Hip Labral Tear

The labrum is a ring of strong fibrocartilaginous tissue lining the socket of the hip joint. The labrum serves many functions: it acts as shock absorber, lubricates the joint, and keeps the joint fluid evenly distributed across the joint, like a head gasket in a car engine. It holds the head of the femur in place and prevents the lateral and vertical movement of the femur head within the joint. It also deepens the acetabular cavity and offers stability against femoral head translation.

A labral tear may be caused by trauma, femoroacetabular impingement (FAI), hip hypermobility, dysplasia, and degeneration. It is common in athletes playing sports such as ice hockey, soccer, golf and ballet, but can also occur during many other athletic activities or simply activities of daily life. Structural abnormalities may also cause a hip labral tear. Patients may have hip pain, usually located in the groin. They may have clicking and locking of the joint and restricted range of motion. Patients may also experience dull pain on movement of the hip joint that may not subside with rest.
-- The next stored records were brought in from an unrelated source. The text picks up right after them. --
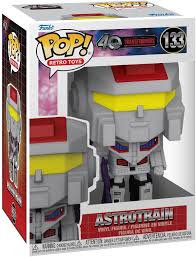 Funko Pop | Astrotrain #133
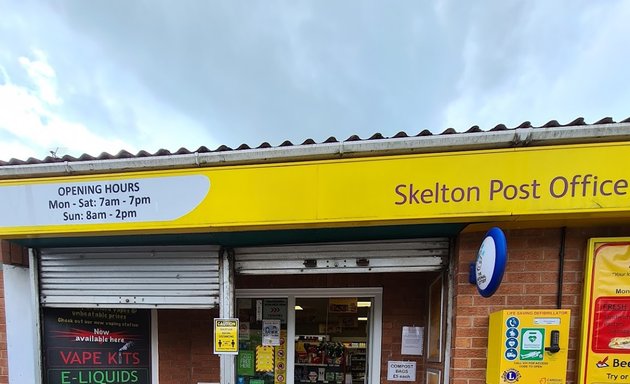 Photo of Skelton Post Office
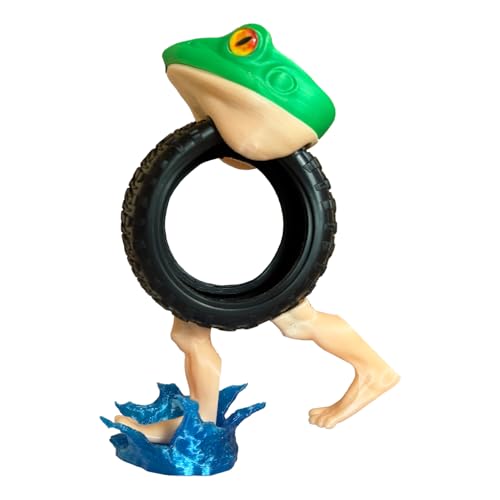 Fanvita Boneca Ambalabu Tischdekoration, Kreative lustige 3D gedruckte Figuren, Sammelfiguren Geschenke Fanvita Boneca Ambalabu Tischdekoration, Kreative lustige 3D gedruckte Figuren, Sammelfiguren Geschenke von Fanvita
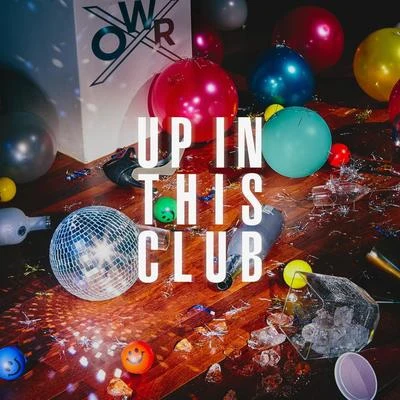 Up In This Club 專輯 KeeBomb/Basterd/Joe Rhee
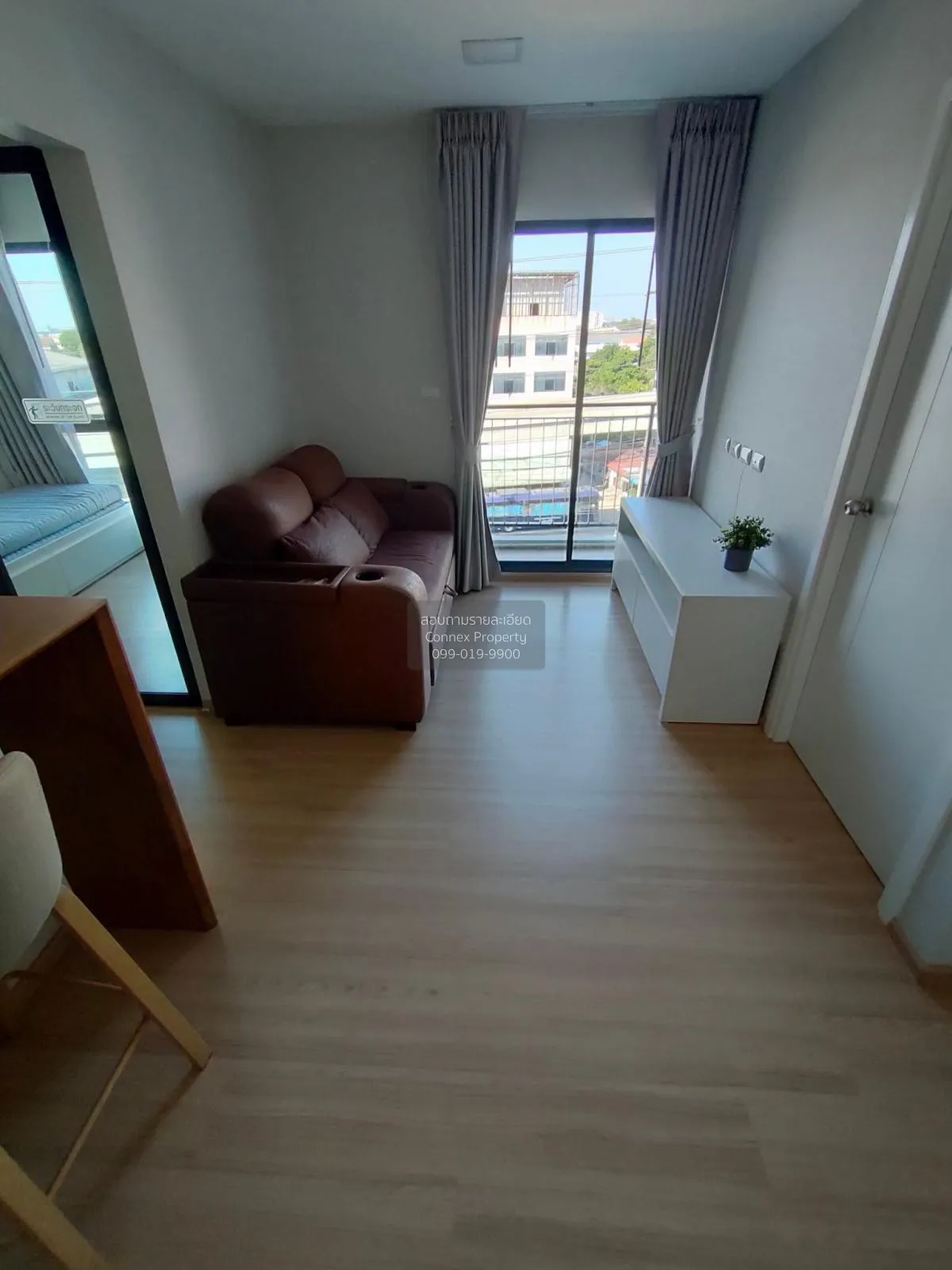 For Rent Condo , Plum Condo Mix Chaengwattana , Talat Bang Khen , 1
A labral tear is usuaslly diagnosed by history and physical examination, with radiological imaging techniques as needed. Magnetic resonance imaging (MRI) is often appropriate for diagnosing a hip labral tear.
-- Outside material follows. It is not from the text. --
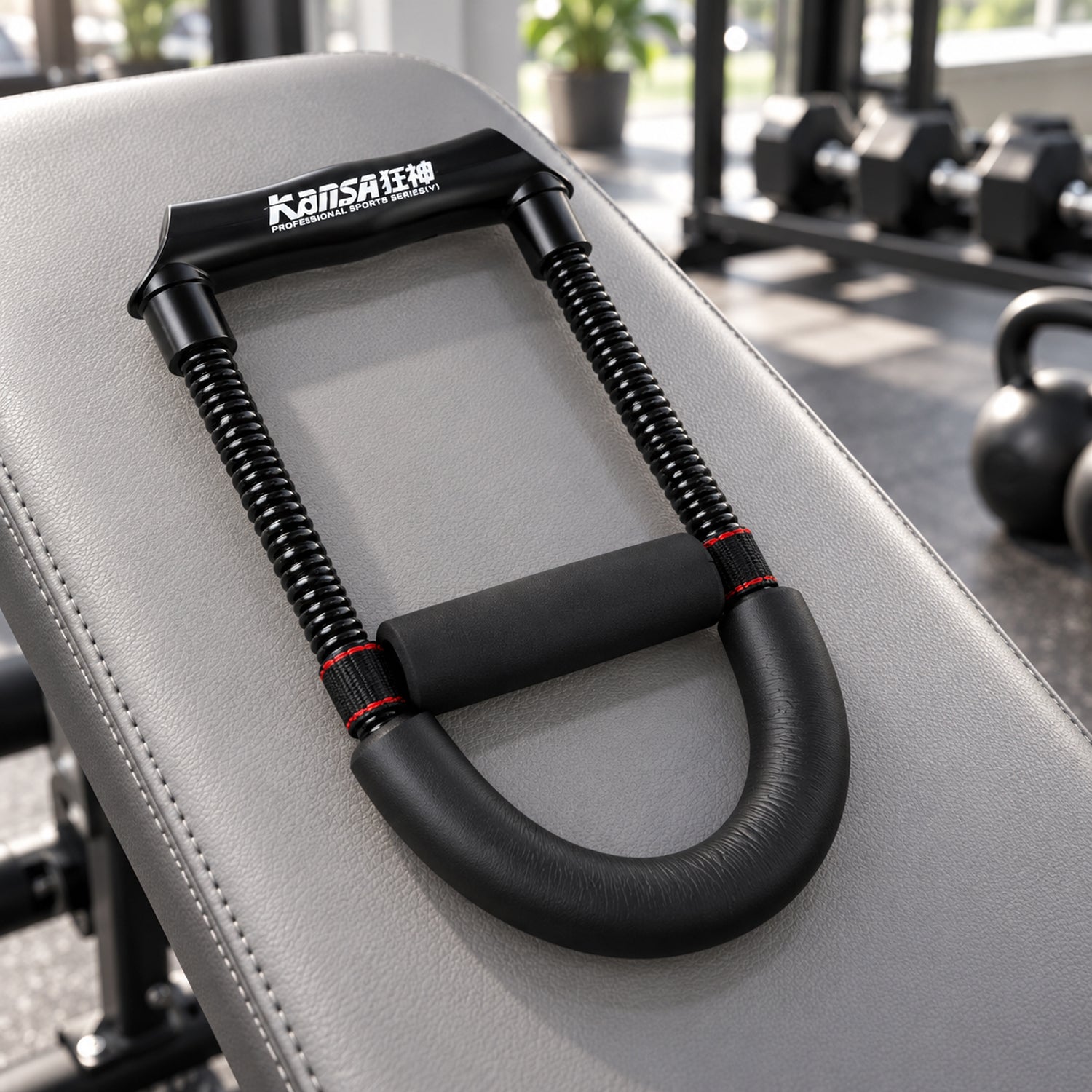 Grip strengthener hand finger exercise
Your doctor may start with conservative treatment prescribing nonsteroidal anti-inflammatory drugs and advising you to rest. These methods may offer symptomatic relief. If symptoms persist despite conservative treatment, surgery is often a good option to repair the torn labrum. Your doctor may perform arthroscopic surgery using fiber-optic camera and surgical instruments through the smaller incisions. Depending on the severity of tear, the damaged or torn labrum may be removed or may be sutured.